Helena observó a Eleanor con gélida indiferencia, encontrándola a la vez lamentable y absurda. Incluso en su desesperación, Eleanor buscaba involucrar a los demás en sus desgracias, un rasgo patético pero casi cómico.
Con el labio mordido y una mirada venenosa hacia ambas mujeres, Eleanor se marchó furiosa.
Aunque Valeria liberó su hostilidad reprimida, la expresión de Helena siguió siendo impasible.
Dorian le dedicó una sonrisa encantadora a Helena. —Helena, elige lo que te guste. Te lo enviaré todo a tu residencia.
El rostro de Helena permaneció impasible, sin que ni una pizca de agradecimiento suavizara sus rasgos. —No necesito nada —afirmó con firmeza, sacudiendo la cabeza. «Gracias por intervenir hoy. En cuanto al dinero que has pagado, me aseguraré de que la persona responsable te lo reembolse».
Ya había tomado una decisión: cuando llegaran las autoridades, podrían analizar las marcas de pintalabios en la ropa dañada. El ADN de Eleanor estaría presente.
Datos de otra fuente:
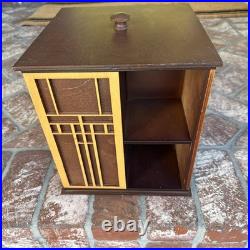 Frank Lloyd Wright Inspired Rotating Bookcase/CD Holder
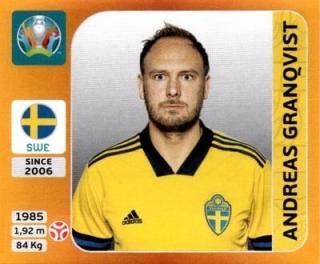 Andreas Granqvist – UEFA Euro 2020 Tournament Edition - 678 stickers version, Nr. 551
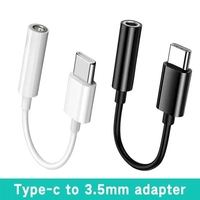 Adaptateur de câble pour écouteurs de type C à 3,5 mm, adaptateur audio USB-C mâle vers 3,5 mm AUX pour téléphones Android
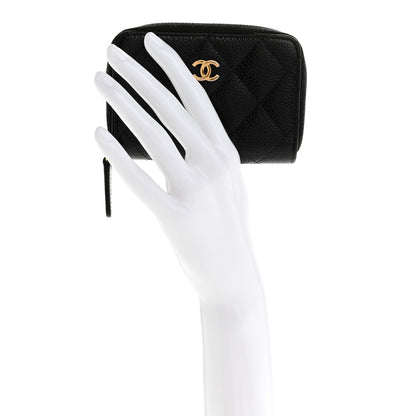 Chanel Caviar Quilted Classic Zipped Coin Purse Black 2 of 10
Incluso sin las imágenes de las cámaras de vigilancia, la verdad acabaría saliendo a la luz. Puede que requiriera paciencia, pero se negaba a permitir que otros cargaran con una deuda que no era suya.
Sin embargo, Dorian se había apresurado a ayudarla durante su primer encuentro y su gratitud era sincera.
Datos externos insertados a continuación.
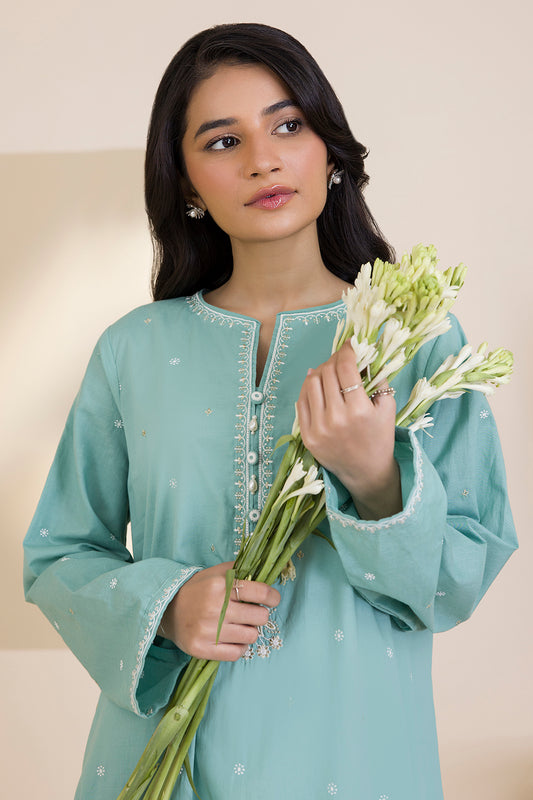 Embroidered Kurta - 2592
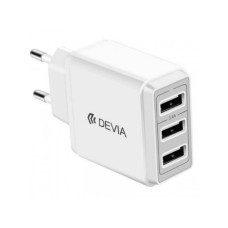 DEVIA Adapter smart 3 USB beli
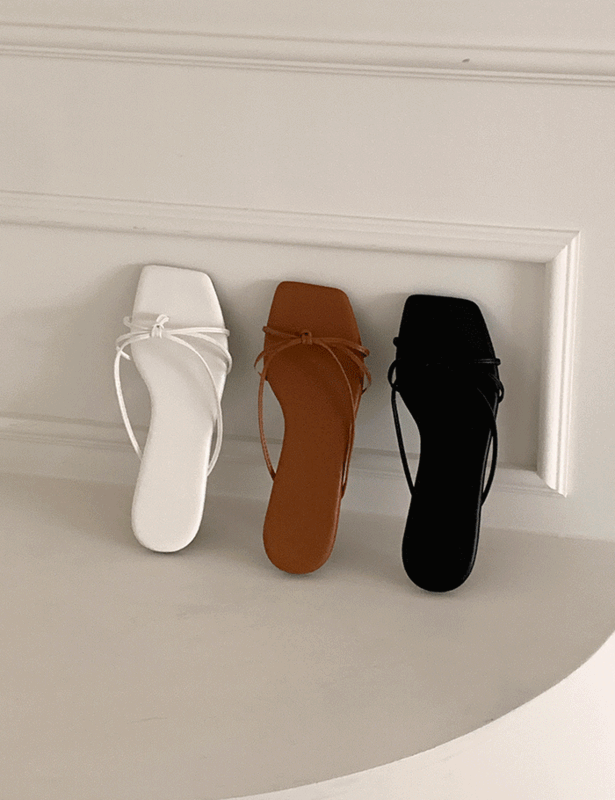 슬림끈 쪼리 슬리퍼 -shoes *3color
Dorian percibió una inquietante compostura en el comportamiento de Helena. —¿He hecho algo mal? —se atrevió a preguntar con cautela.
—¿Has intervenido para conseguirme el puesto de presentadora de noticias en Nexus TV? —preguntó Helena con voz apenas audible.
—¿Por qué te lo tomas tan en serio? —respondió Dorian con ligereza—. Que te conviertas en presentadora de noticias también beneficia la imagen de Alden. Sin duda es preferible a informar sobre el tiempo indefinidamente. Además…
Valeria le dio un fuerte golpe en el pie con el tacón antes de que pudiera continuar. La confesión de Dorian se interrumpió abruptamente y el corazón de Helena se hundió.
Su padre había sido trasladado a una habitación de lujo. Por fin tenía la oportunidad de convertirse en una presentadora de noticias legítima. Todo lo que había soñado parecía estar a su alcance.
Sin embargo, ahora se preguntaba: ¿era solo una elaborada ilusión que Alden había construido a su alrededor? Y una pregunta la atormentaba más que ninguna otra: ¿por qué iba a llegar tan lejos?